Start of Source information

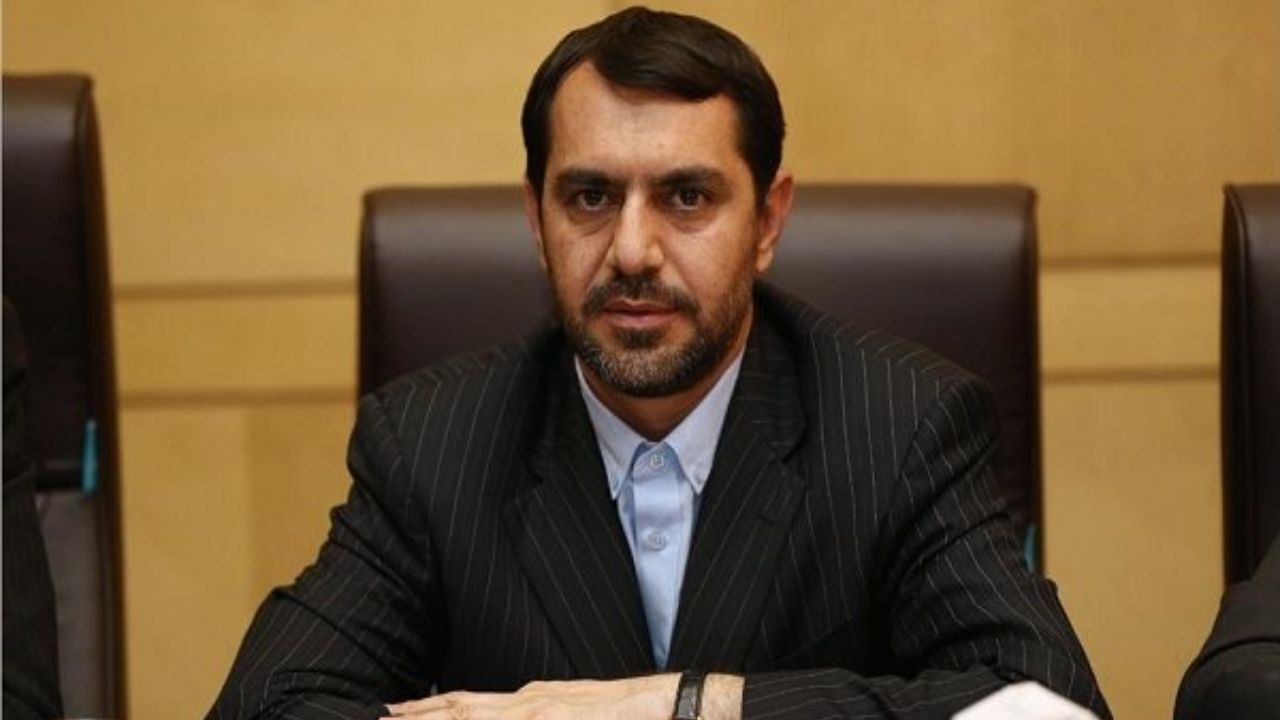 بانک ها بخشودگی سود و جریمه وام های 100 میلیونی را به پایان سال موکول نکنند
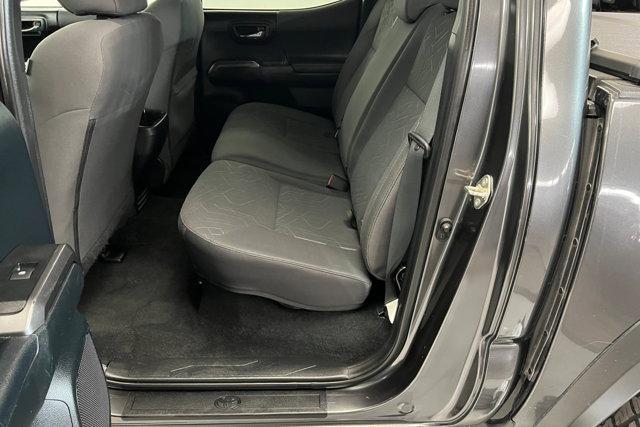 Photo of 2016 Magnetic Gray Metallic Toyota Tacoma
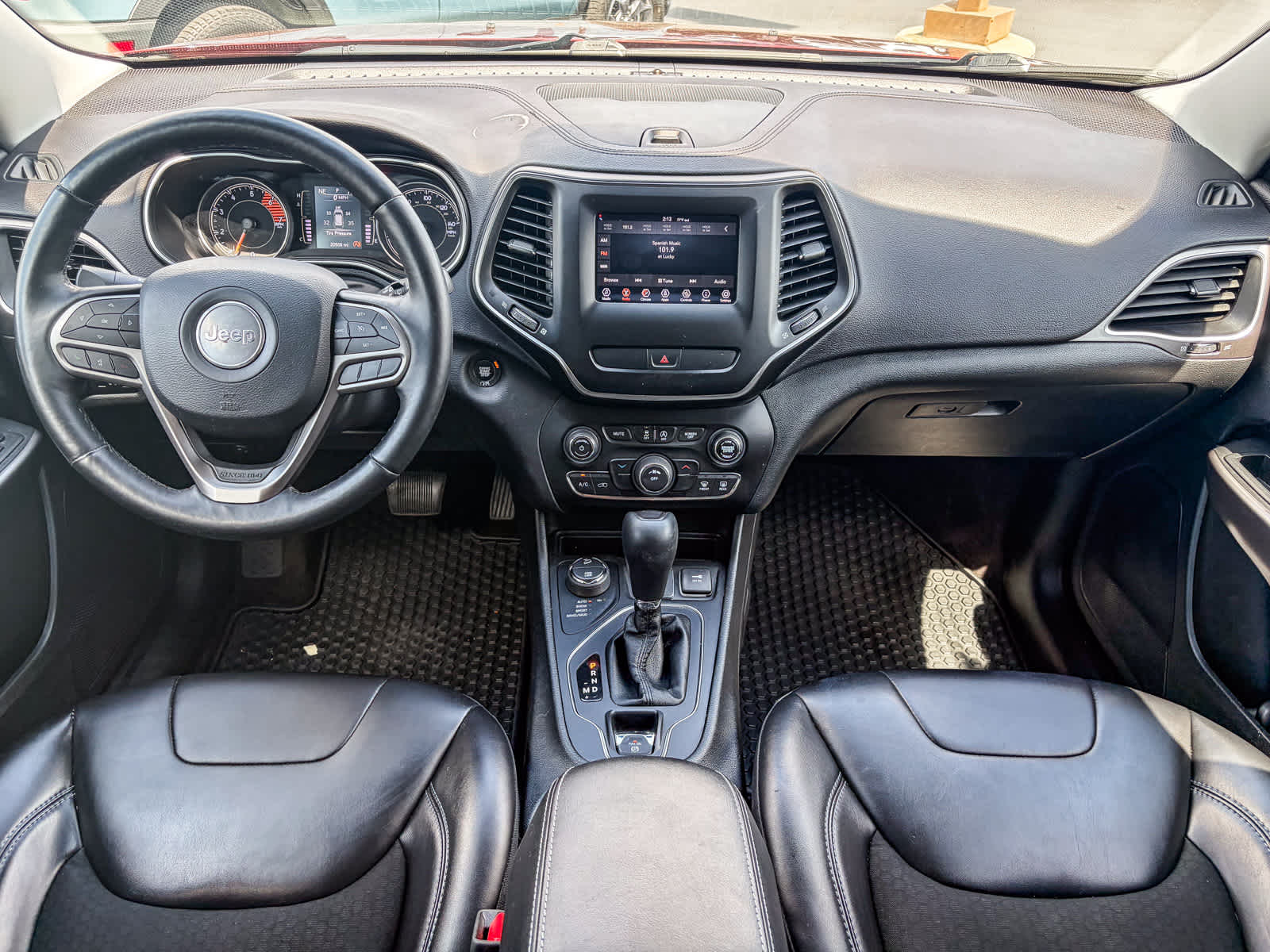 Thumbnail: 2019 Jeep Cherokee - 11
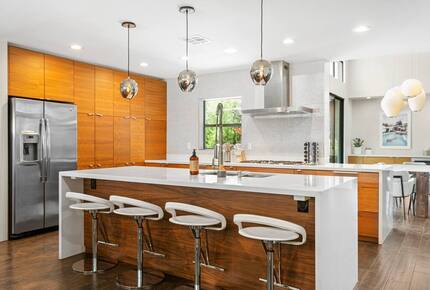 Phoenix Sunshine | Saltwater Pool, Spa, Firepit, & Surround sound - Phoenix, Arizona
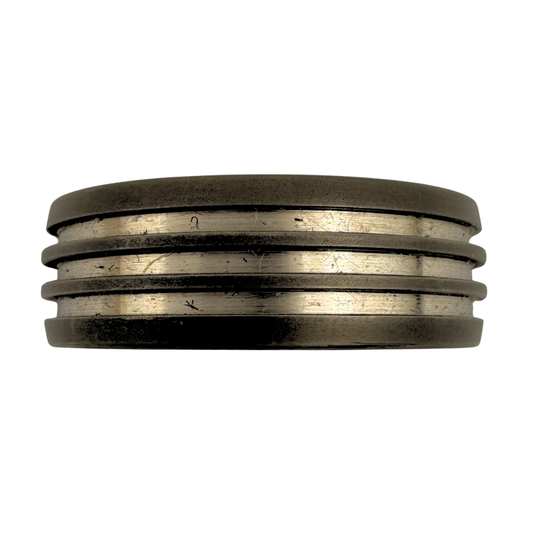 Titanium band with (3)bright-cut channels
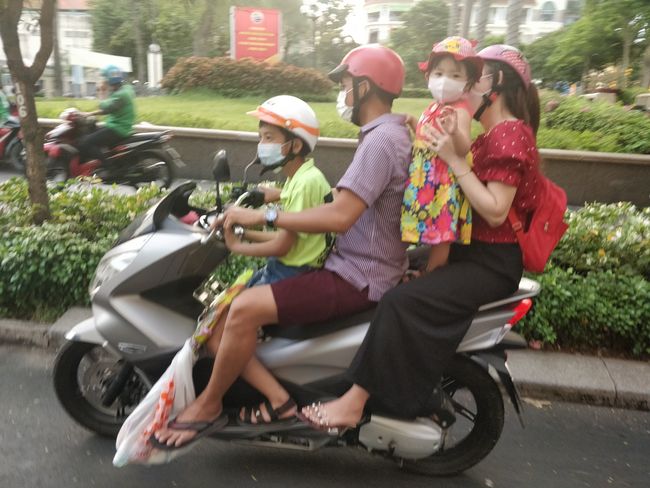 Normales Bild  auf den Straßen Vietnams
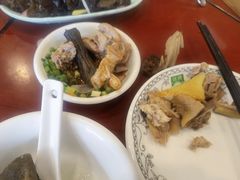 -鲁朗纳麦石锅鸡庄园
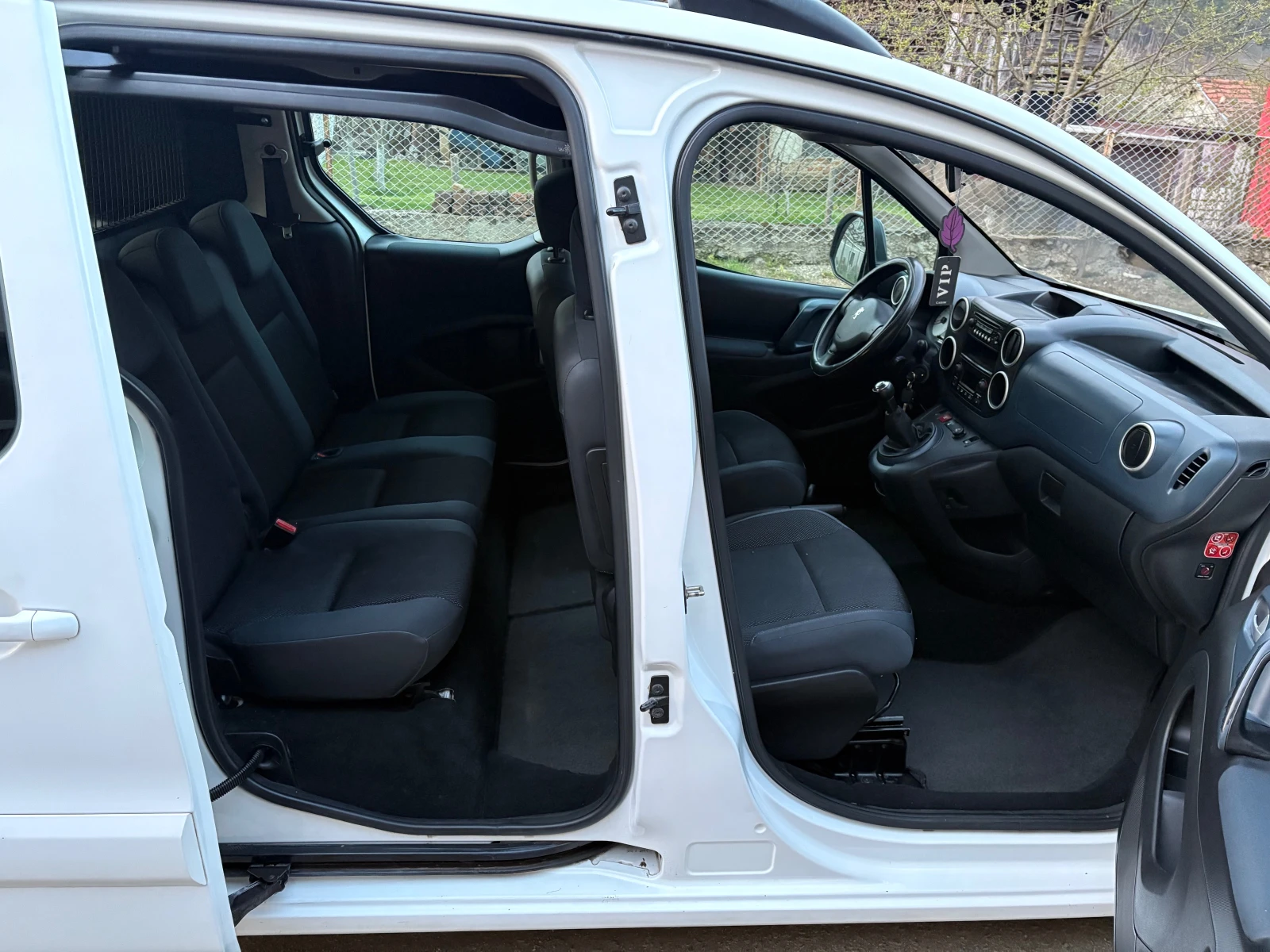 Peugeot Partner 2.0 HDI N1 5+ 1, снимка 11 - Автомобили и джипове - 54072551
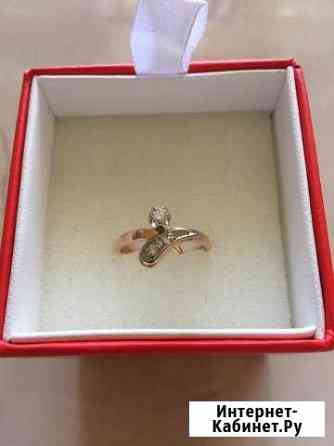 Золотое кольцо с бриллиантами Москва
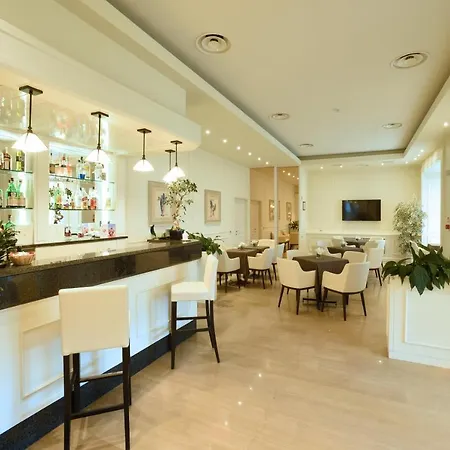 فندق Europa & Concordia 4*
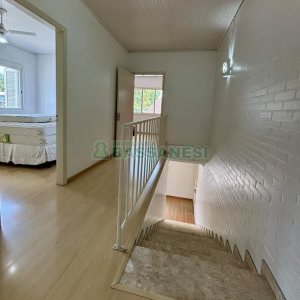 Sobrado com 127m², 3 dormitórios, 1 vaga, no bairro Santa Catarina em Caxias do Sul para Comprar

End of Source information

Goal of the exercise:
Take the lines from the one holding "Photo of 2016" through the last line of the data above and copy them exactly, both ends included, omitting all pictures.

Written answer:
 Photo of 2016 Magnetic Gray Metallic Toyota Tacoma
 Thumbnail: 2019 Jeep Cherokee - 11
 Phoenix Sunshine | Saltwater Pool, Spa, Firepit, & Surround sound - Phoenix, Arizona
 Titanium band with (3)bright-cut channels
 Normales Bild  auf den Straßen Vietnams
 -鲁朗纳麦石锅鸡庄园
 Peugeot Partner 2.0 HDI N1 5+ 1, снимка 11 - Автомобили и джипове - 54072551
 Золотое кольцо с бриллиантами Москва
 فندق Europa & Concordia 4*
 Sobrado com 127m², 3 dormitórios, 1 vaga, no bairro Santa Catarina em Caxias do Sul para Comprar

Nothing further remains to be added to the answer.